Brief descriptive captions

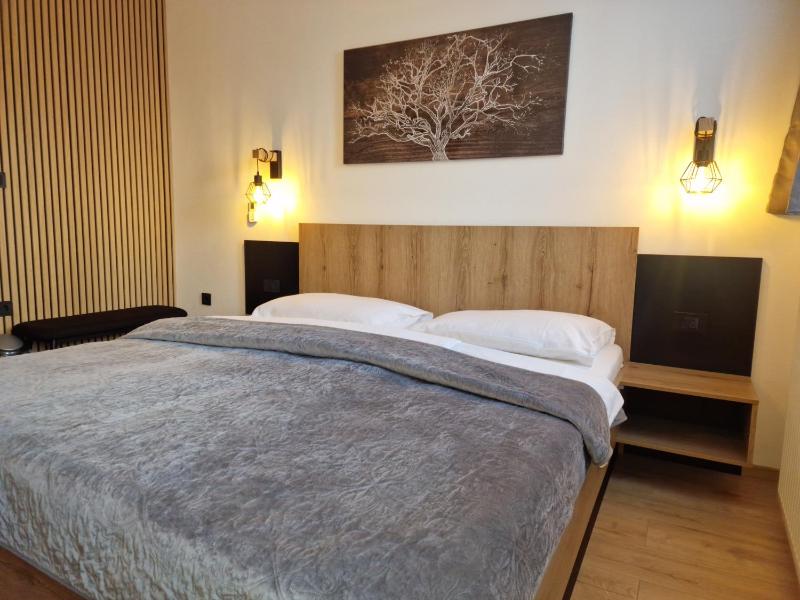 Double Room image 4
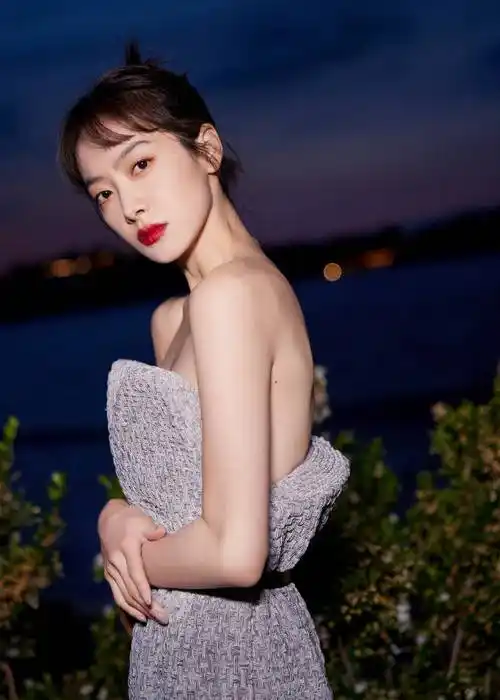 宋茜身穿灰色抹胸长裙大秀玉背!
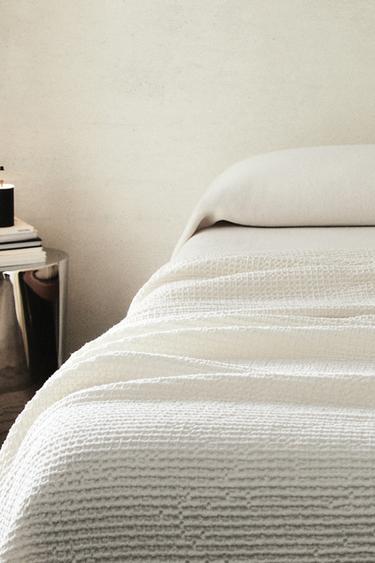 MINI WAFFLE-KNIT COTTON BEDSPREAD - Oyster-white by Zara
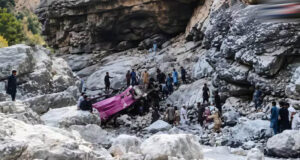 पाकिस्तान में बड़ा सड़क हादसा, खाई में गिरी ओवरलोडेड बस; 40 लोगों की मौत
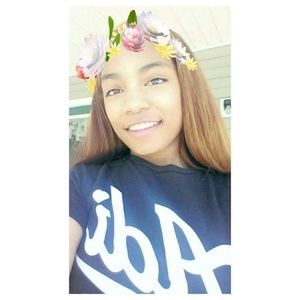 Meet your Posher, Vermelle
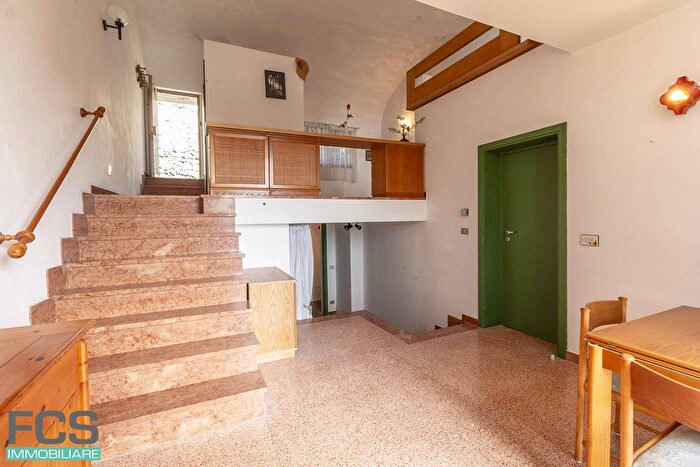 Casa bilocale in vendita in Via Verrazzano b, Finale Ligure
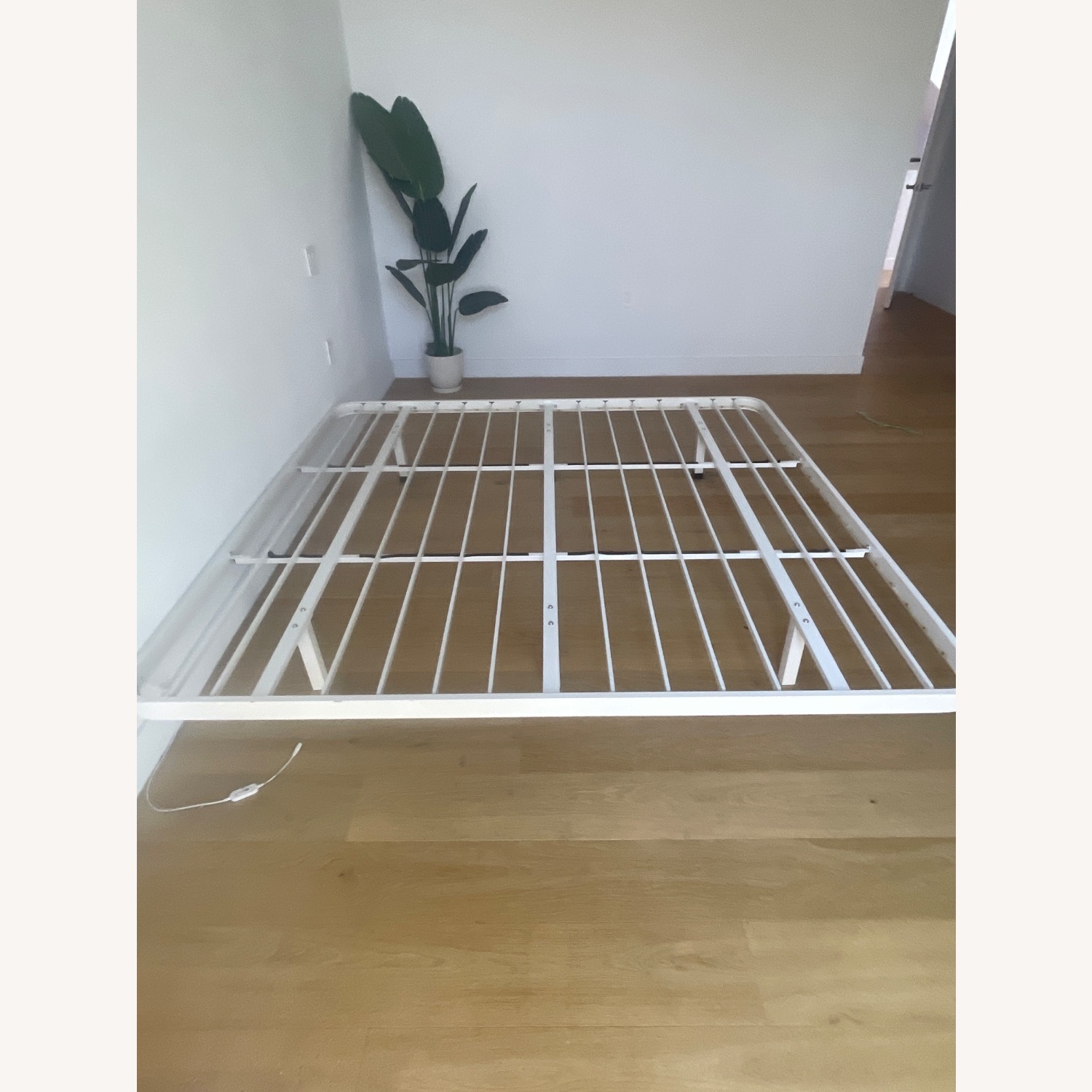 King bed Mattress Frame - image-3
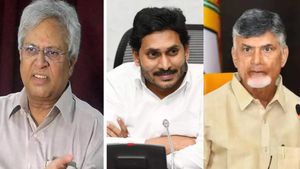 చంద్రబాబు తో పోరాటంలో సీఎం జగన్ కు అక్కడే మైనస్ - ఉండవల్లి..!!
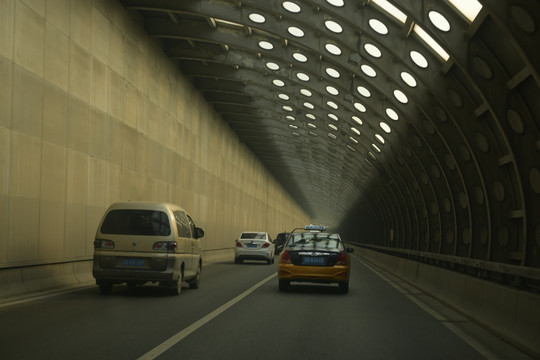 公路隔音屏 在路上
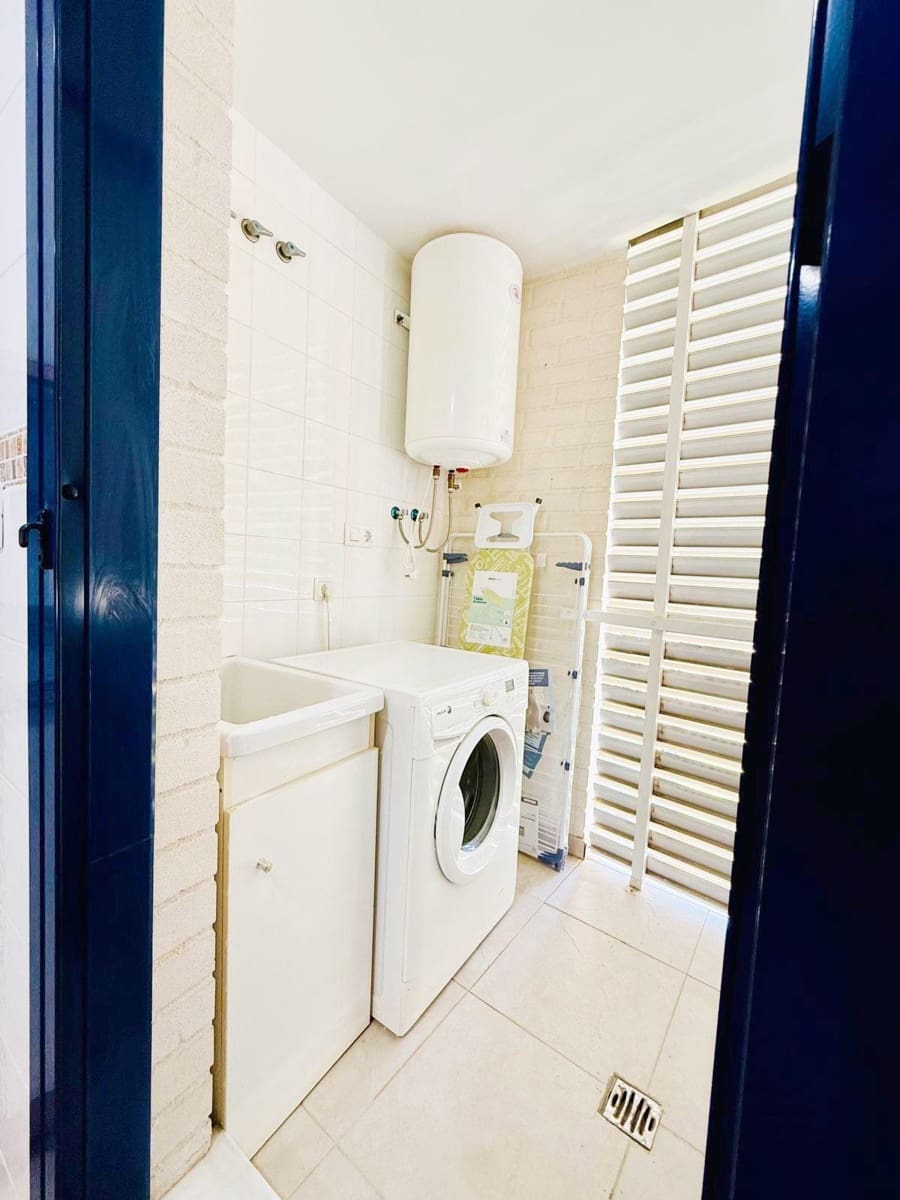 3 bedroom Apartment for rent in Denia with pool garage - € 1,500 (Ref: 9217625)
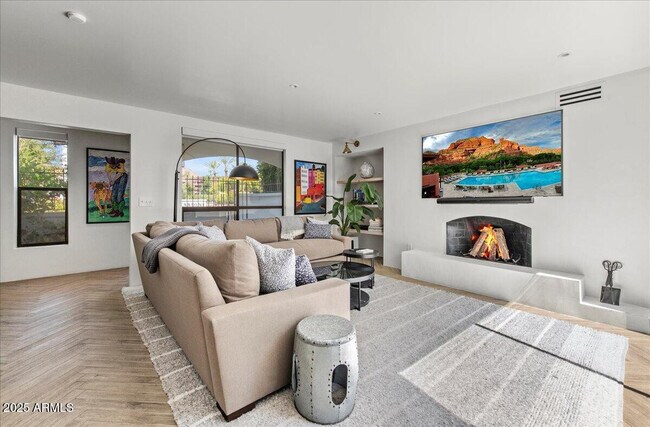 Building Photo - 4843 N 72nd Way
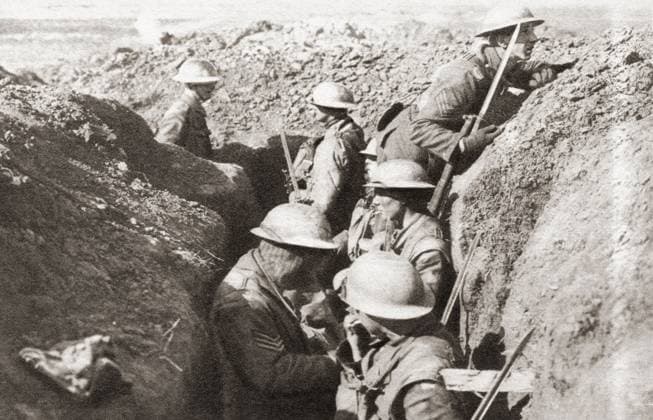 RECORD DATE NOT STATED Tin-hatted British troops in the front line opposite St. Quentin during the advance in 1917 to the Hindenburg line on the Western Front during WWI. Tin-hatted British troops in the front line opposite St. Quentin during the advance in 1917 to the Hindenburg line on the Western Front during WWI. From The Pageant of the Century, published 1934. Copyright: KenxWelshx xDesignxPics 902_05_13257634HighRes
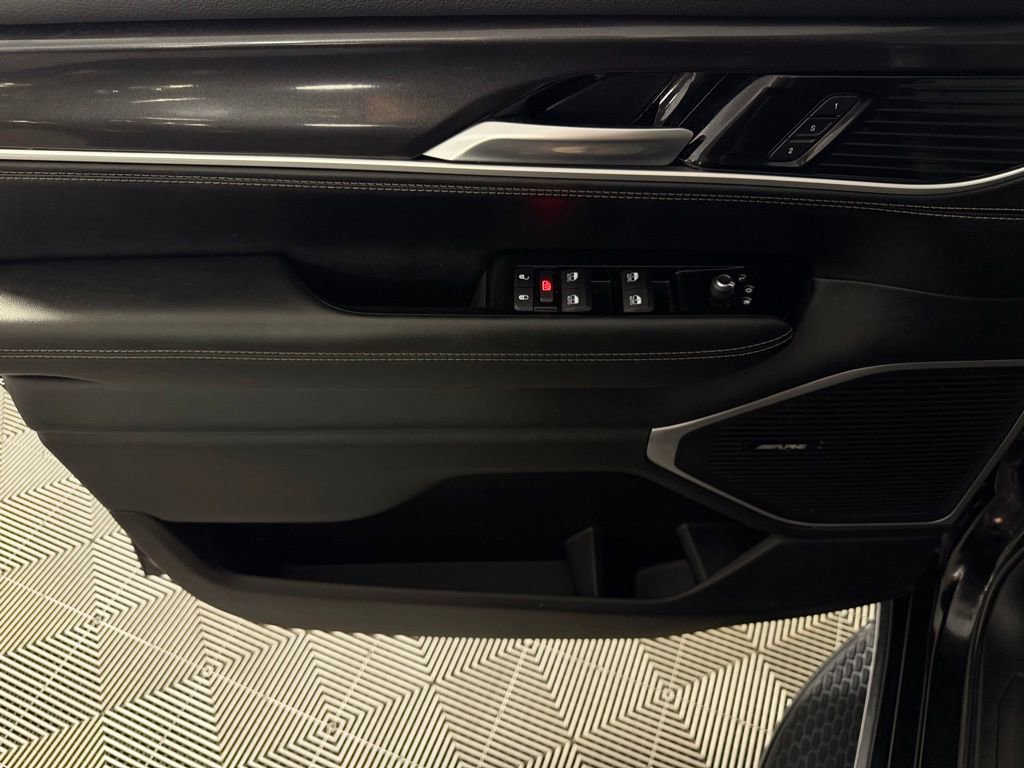 Used 2024 Jeep Wagoneer 4WD w/ Premium Group I image 24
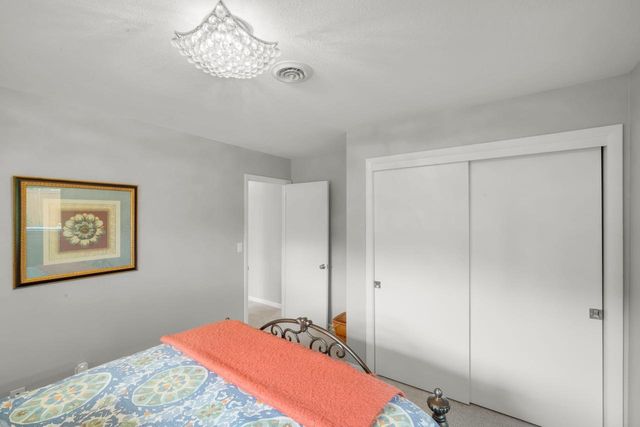 212 Parkway DRIVE, South Milwaukee, WI 53172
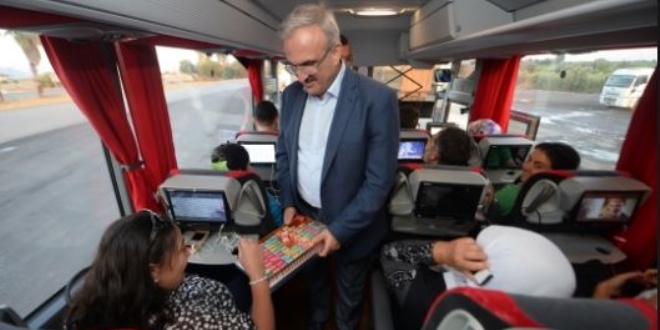Polisler otobüsleri yolcu gibi denetleyecek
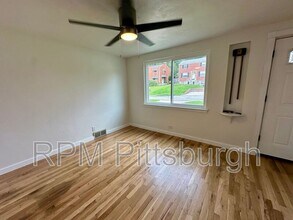 975 Elizabeth St in Pittsburgh, PA - Building Photo - Building Photo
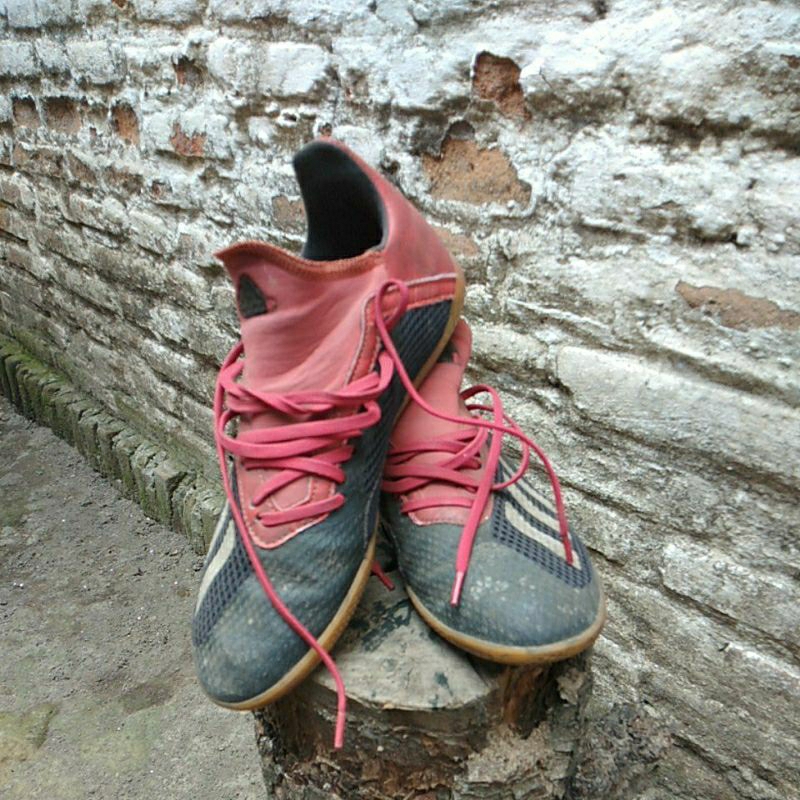 SEPATU FUTSAL ADIDAS X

• Exercise
Give every entry above again, exactly, and keep all pictures out of it.

• Exercise output
 Double Room image 4
 宋茜身穿灰色抹胸长裙大秀玉背!
 MINI WAFFLE-KNIT COTTON BEDSPREAD - Oyster-white by Zara
 पाकिस्तान में बड़ा सड़क हादसा, खाई में गिरी ओवरलोडेड बस; 40 लोगों की मौत
 Meet your Posher, Vermelle
 Casa bilocale in vendita in Via Verrazzano b, Finale Ligure
 King bed Mattress Frame - image-3
 చంద్రబాబు తో పోరాటంలో సీఎం జగన్ కు అక్కడే మైనస్ - ఉండవల్లి..!!
 公路隔音屏 在路上
 3 bedroom Apartment for rent in Denia with pool garage - € 1,500 (Ref: 9217625)
 Building Photo - 4843 N 72nd Way
 RECORD DATE NOT STATED Tin-hatted British troops in the front line opposite St. Quentin during the advance in 1917 to the Hindenburg line on the Western Front during WWI. Tin-hatted British troops in the front line opposite St. Quentin during the advance in 1917 to the Hindenburg line on the Western Front during WWI. From The Pageant of the Century, published 1934. Copyright: KenxWelshx xDesignxPics 902_05_13257634HighRes
 Used 2024 Jeep Wagoneer 4WD w/ Premium Group I image 24
 212 Parkway DRIVE, South Milwaukee, WI 53172
Polisler otobüsleri yolcu gibi denetleyecek
 975 Elizabeth St in Pittsburgh, PA - Building Photo - Building Photo
 SEPATU FUTSAL ADIDAS X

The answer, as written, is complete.